Data supplied:
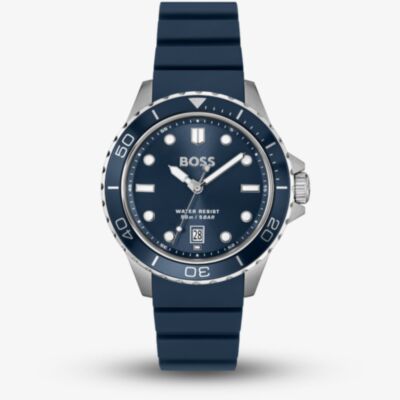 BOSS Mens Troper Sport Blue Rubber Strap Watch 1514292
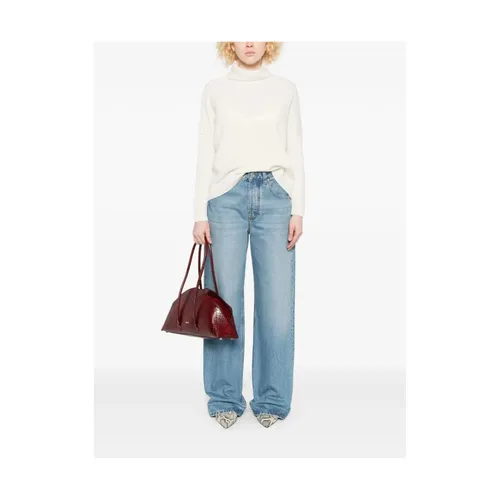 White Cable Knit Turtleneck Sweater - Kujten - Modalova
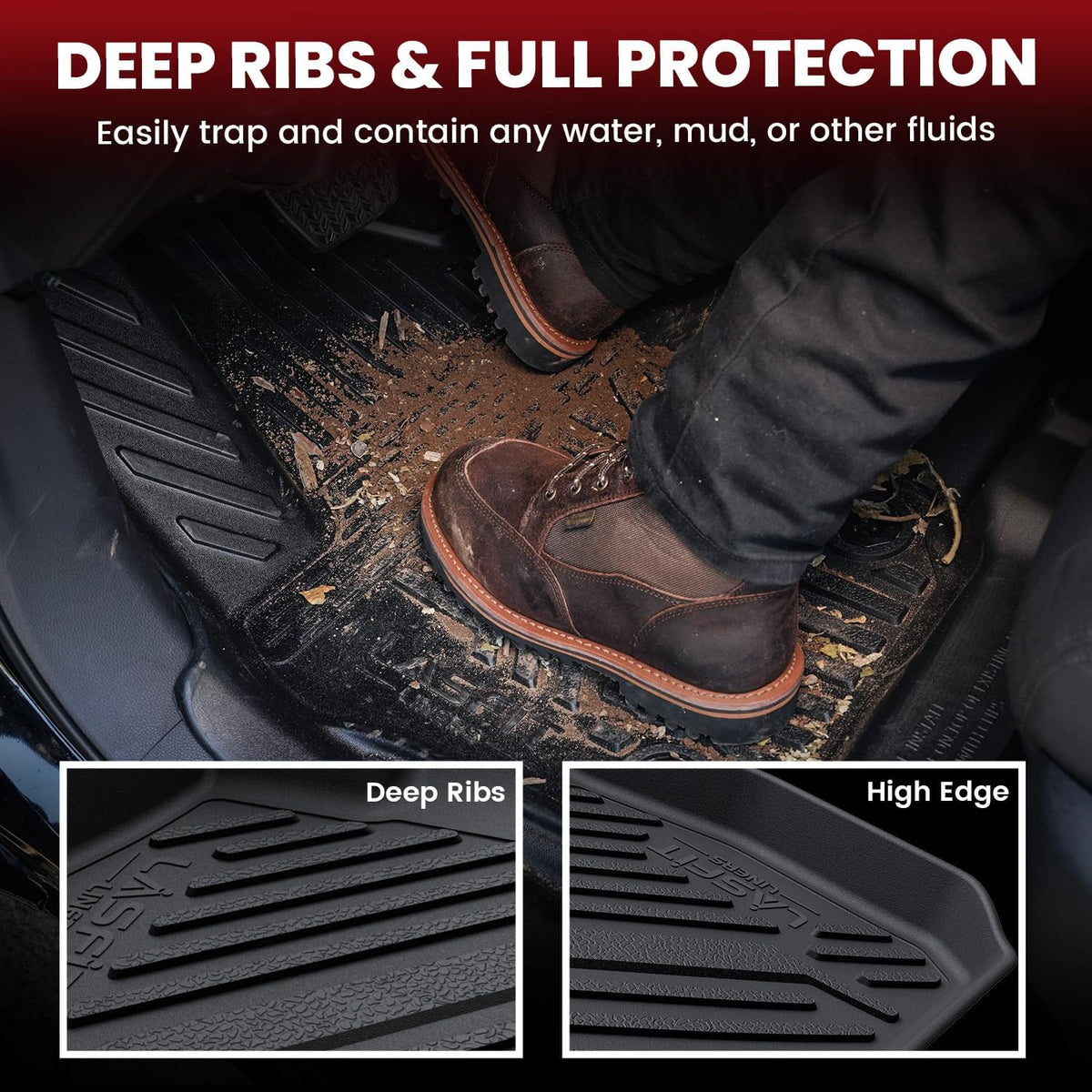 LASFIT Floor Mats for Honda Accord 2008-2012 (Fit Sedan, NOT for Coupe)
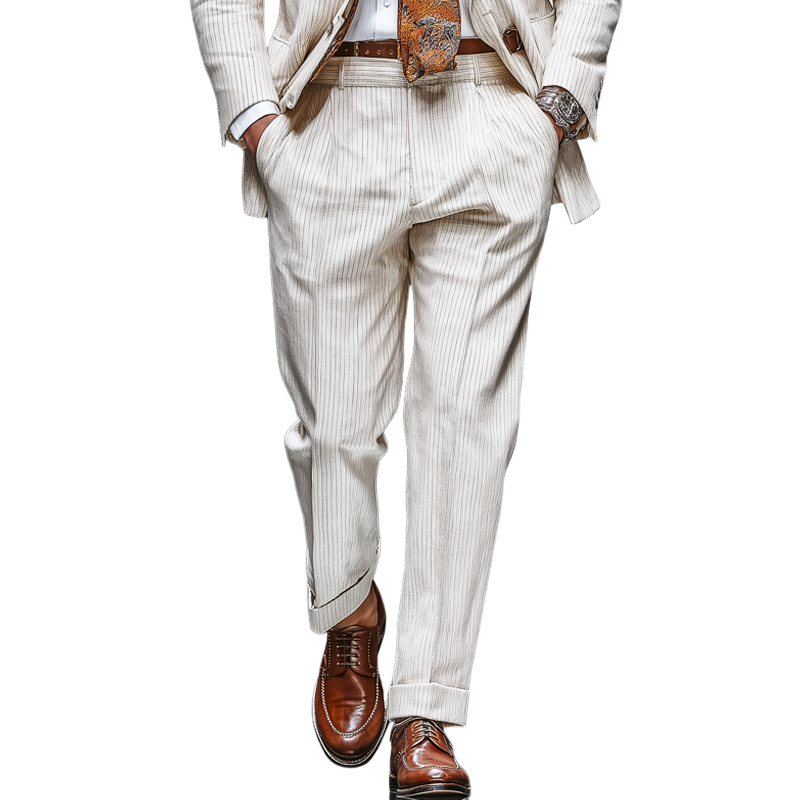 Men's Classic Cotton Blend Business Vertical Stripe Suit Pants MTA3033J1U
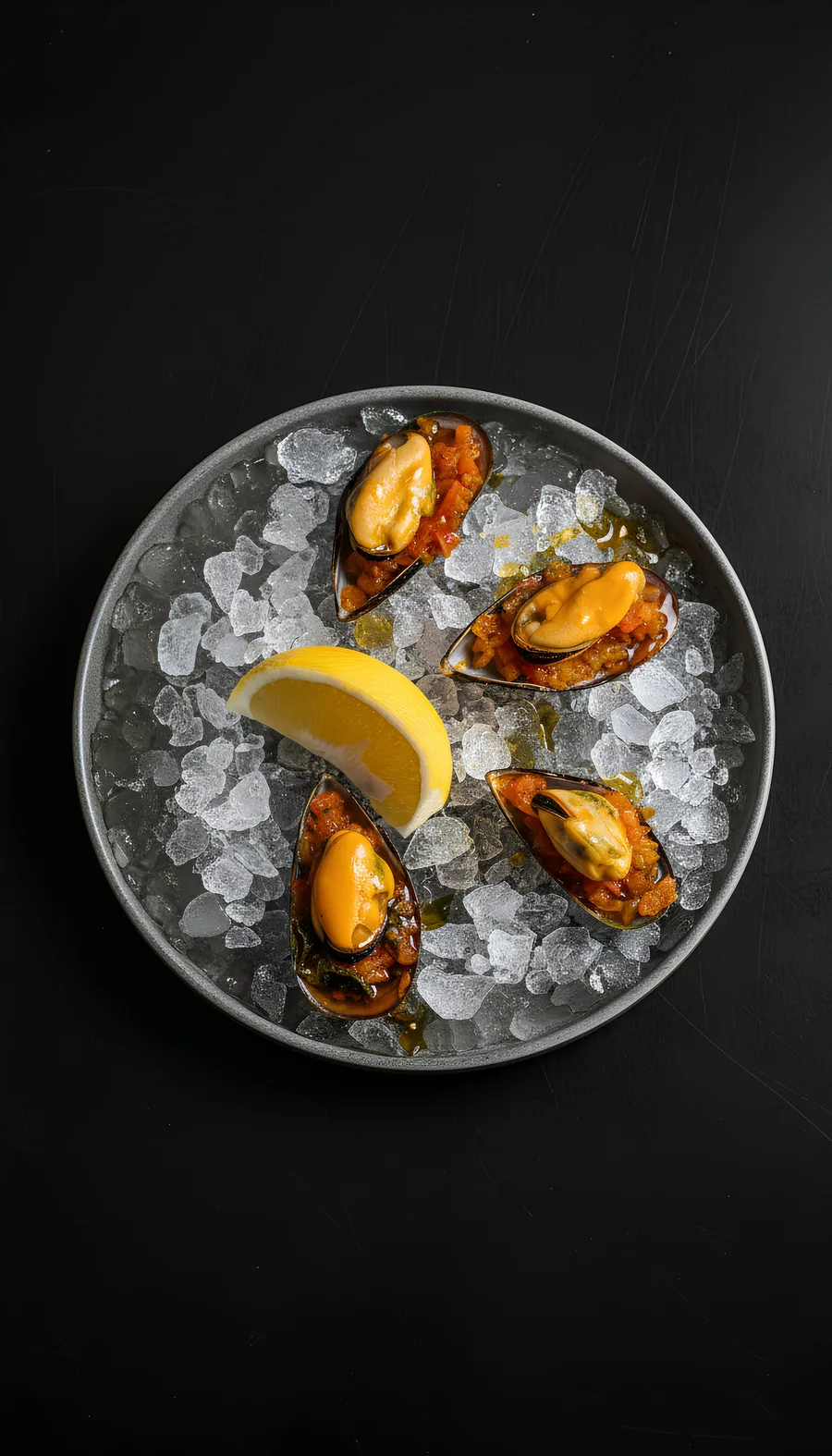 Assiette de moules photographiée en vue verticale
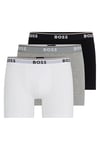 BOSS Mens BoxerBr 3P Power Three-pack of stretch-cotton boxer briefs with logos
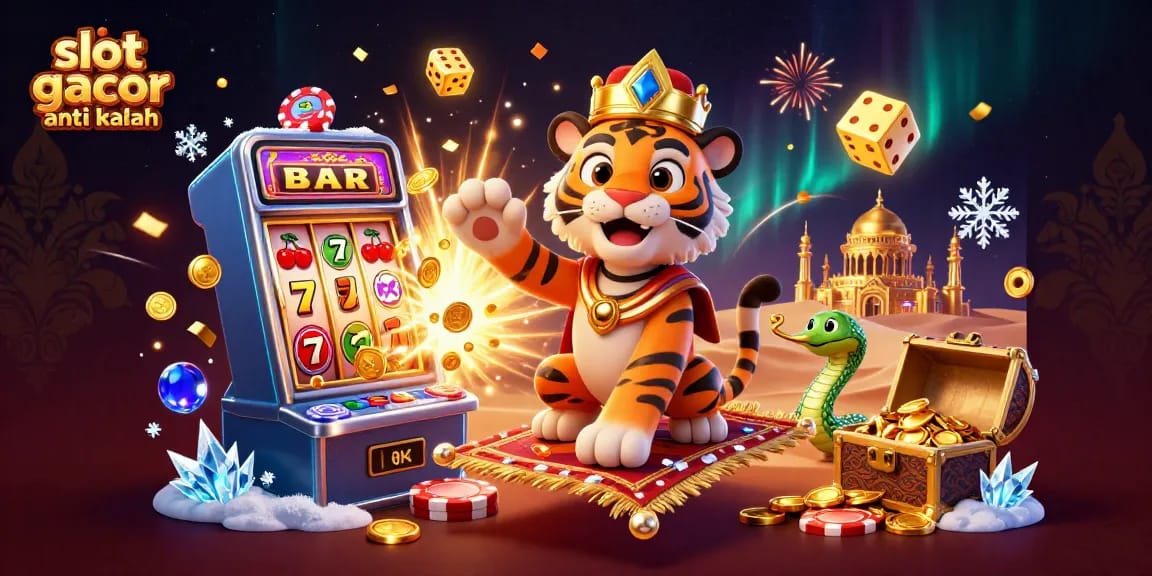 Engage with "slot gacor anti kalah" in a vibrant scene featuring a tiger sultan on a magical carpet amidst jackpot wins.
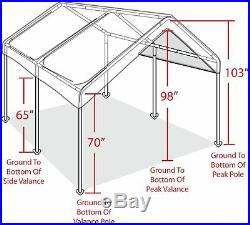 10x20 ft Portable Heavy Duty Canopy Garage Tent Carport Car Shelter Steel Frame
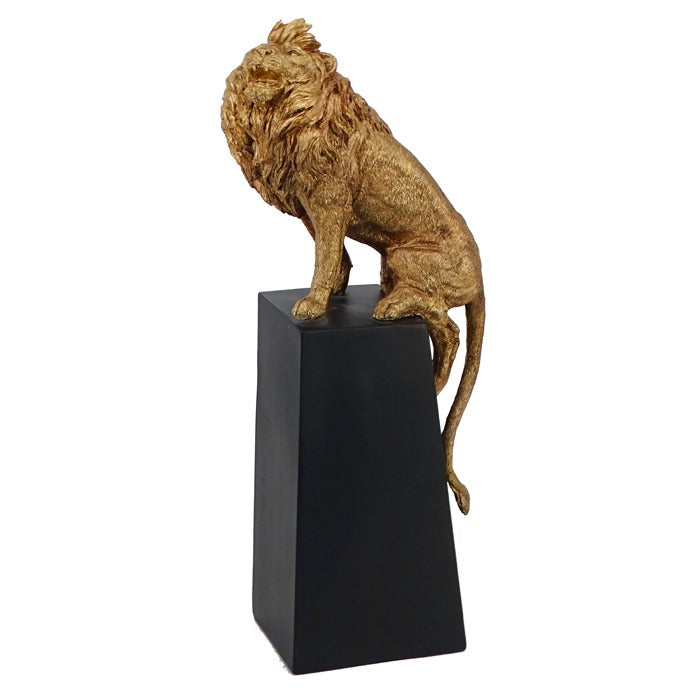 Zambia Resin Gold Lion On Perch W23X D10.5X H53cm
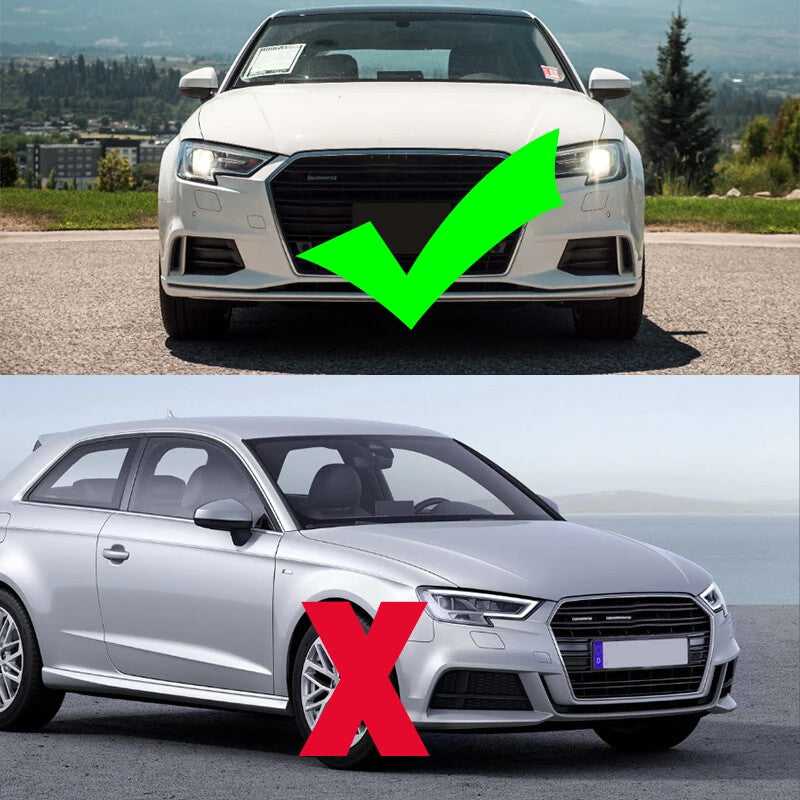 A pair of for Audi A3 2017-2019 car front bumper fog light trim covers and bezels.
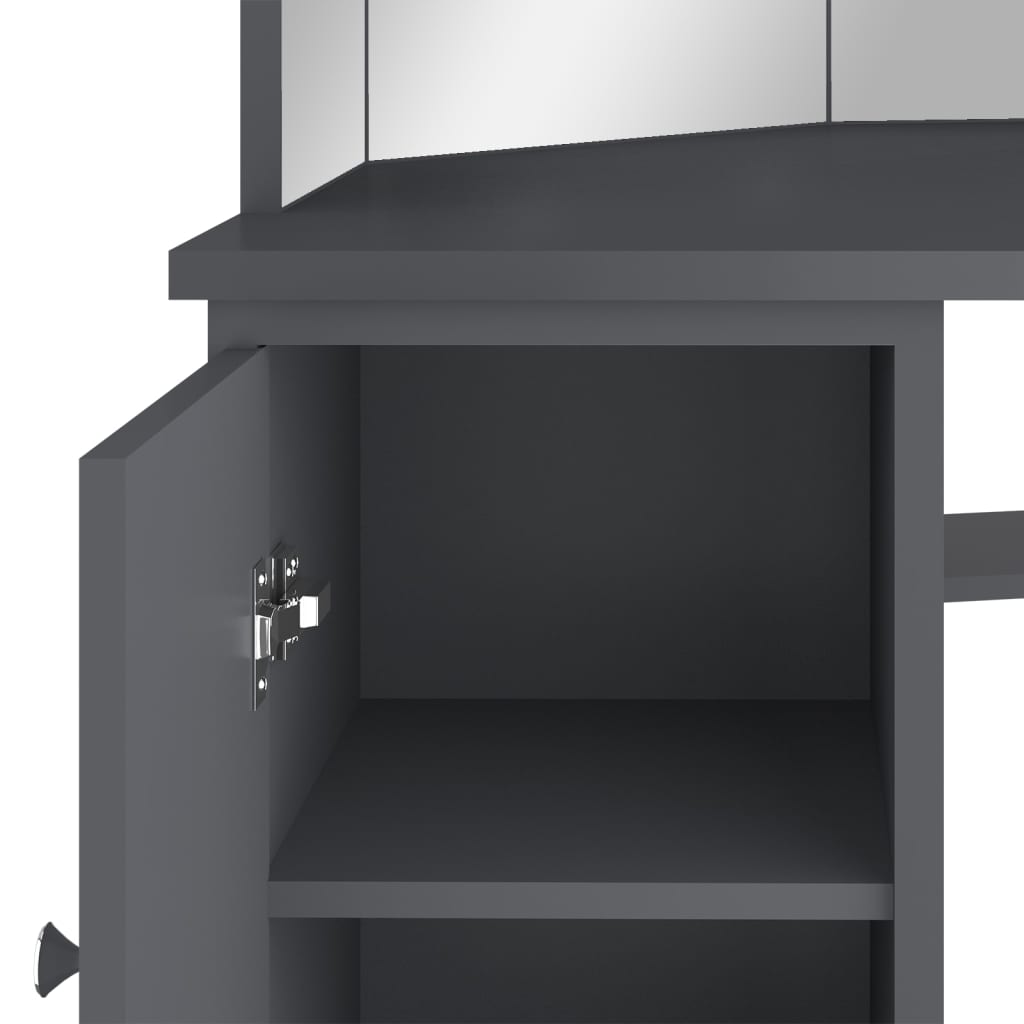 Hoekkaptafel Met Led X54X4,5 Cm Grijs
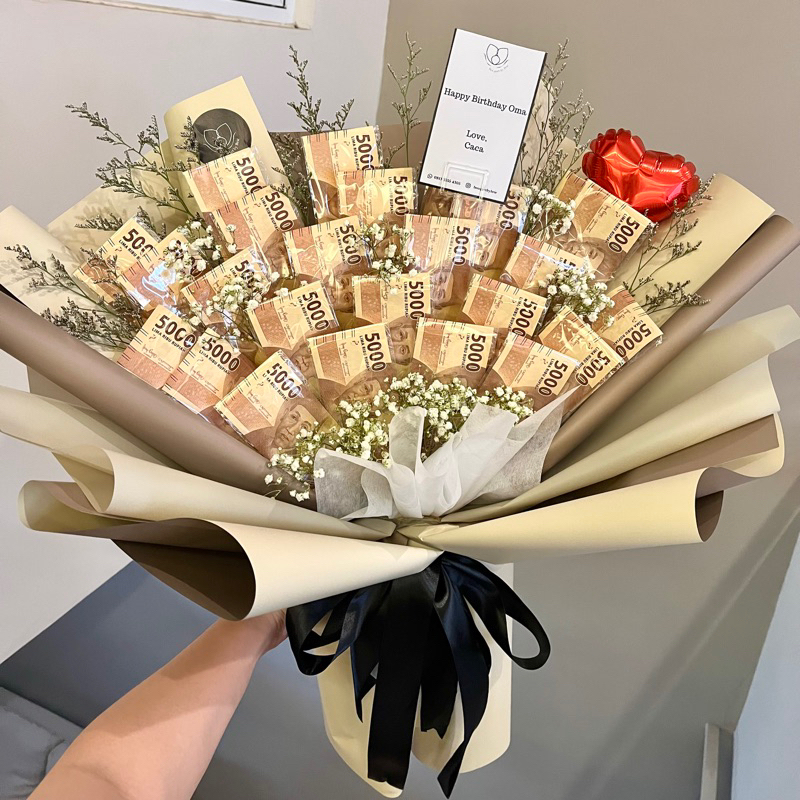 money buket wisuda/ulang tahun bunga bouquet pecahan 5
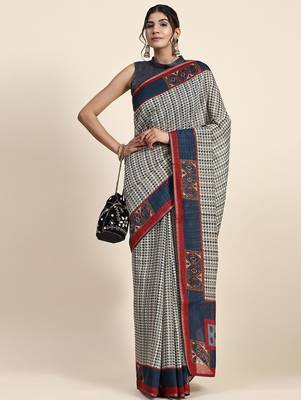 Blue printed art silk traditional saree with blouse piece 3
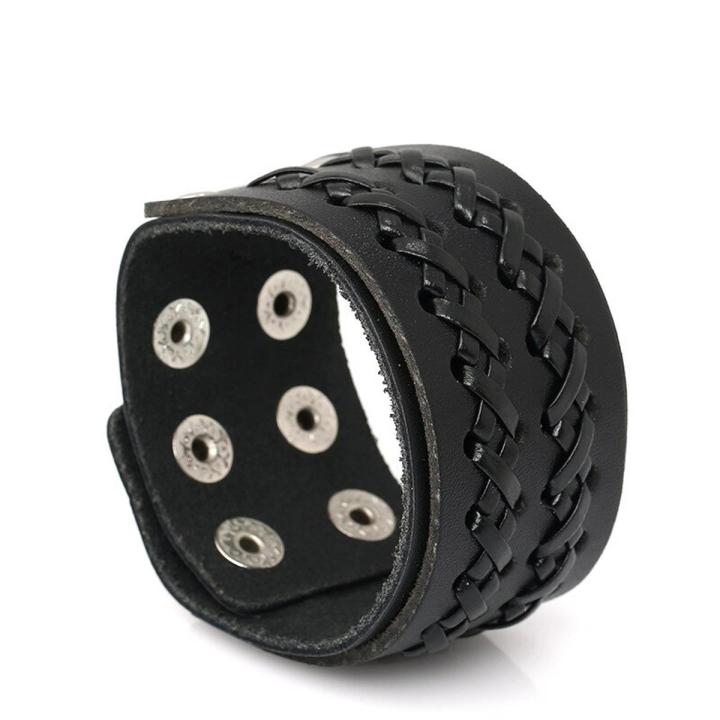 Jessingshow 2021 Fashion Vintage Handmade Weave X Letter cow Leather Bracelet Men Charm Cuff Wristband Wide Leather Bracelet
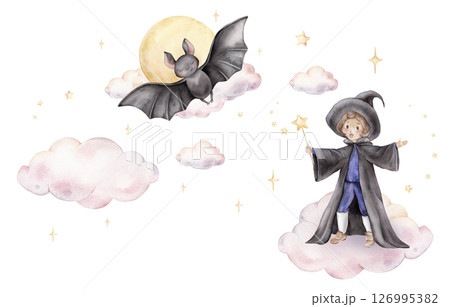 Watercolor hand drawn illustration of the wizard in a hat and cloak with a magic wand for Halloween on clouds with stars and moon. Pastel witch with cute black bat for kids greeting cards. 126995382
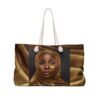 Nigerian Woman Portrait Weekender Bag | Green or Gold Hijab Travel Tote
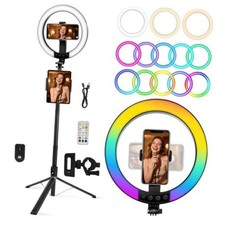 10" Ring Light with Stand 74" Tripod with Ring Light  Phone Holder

Exercise prompt:
Reproduce exactly the lines that run from the line holding "Watercolor hand drawn" through the final line of the entries, and omit every picture.

Answer below:
 Watercolor hand drawn illustration of the wizard in a hat and cloak with a magic wand for Halloween on clouds with stars and moon. Pastel witch with cute black bat for kids greeting cards. 126995382
 Nigerian Woman Portrait Weekender Bag | Green or Gold Hijab Travel Tote
 10" Ring Light with Stand 74" Tripod with Ring Light  Phone Holder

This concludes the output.